When the Master turned back to face the magicians, he did detect a scent displeasing to him emanating from the lower garments of the wizards. They spoke in haste to him.

"You'll get everything you want," the sorcerer Bindle gasped.

"I'll personally guarantee it," Marmelstein the Magician agreed quickly. His eyes were filled with terror.

"The new contracts will be ready for you to sign in an hour," Bindle insisted.

"Half an hour," Marmelstein said rapidly. "We'll courier them to your hotel."

"That reminds me," the Master said, stroking his beard thoughtfully. "I wish you to pay my hotel expenses, as well."

"Done," agreed Bindle.

"I'll call the limo," said Marmelstein. Pulling at his trousers, the magician went off to summon the coachman who would take the Master to his lodgings.

"I'll get the ball rolling with legal," Bindle said, heading for his telephone.

"I will wait outside," said Master Chiun, the brilliant negotiator, for the odor in the inner sanctum of the titans of Taurus was more than he could bear. He left the conjurer Bindle to talk to legal.

Thus did the Master of Sinanju, in the earliest days of what Western calendars inaccurately deemed the twenty-first century (see Pope Gregory XIII: Calendars, Carpenters and the Confusion They've Wrought), arrive in and conquer the province of Hollywood.

Chapter 1

On the evening of his murder, Walter Anderson steered his Ford Explorer up his driveway at the usual time.
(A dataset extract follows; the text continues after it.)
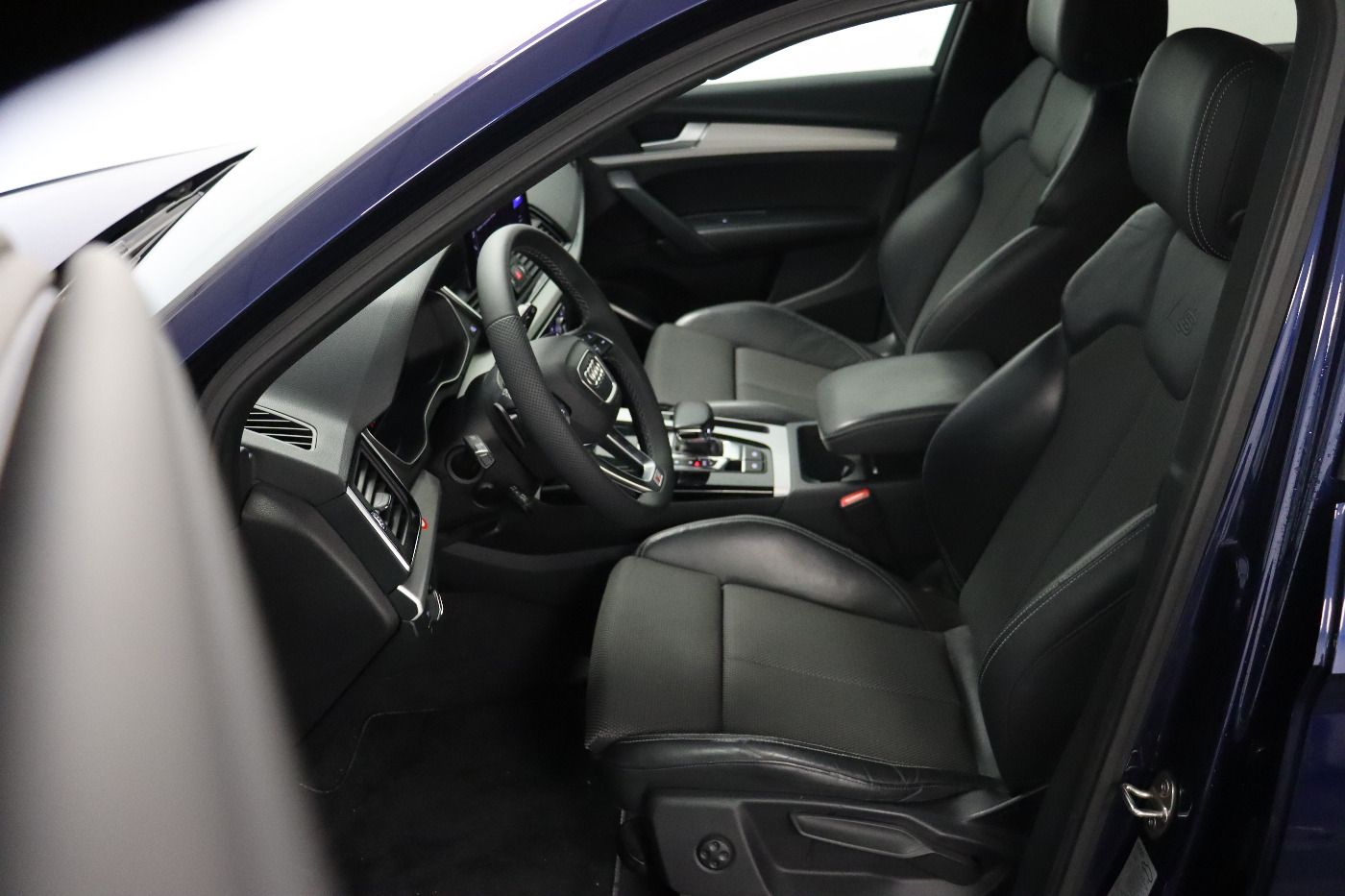 Fahrzeugabbildung Audi Q5 Sportback 40 TDI quattro S-tronic S-Line Pano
A hint of the summer Walter would never see wafted through the open driver's side window, carried on eddies of warm spring air.

Commuting through Washington that morning, Walter had been surprised to see that the cherry blossoms were just beginning to peek from their buds. Since he hadn't noticed them on Friday, they had to have started coming out over the weekend. No matter how lousy his mood, the sight of those tiny pink buds always made him feel a little better.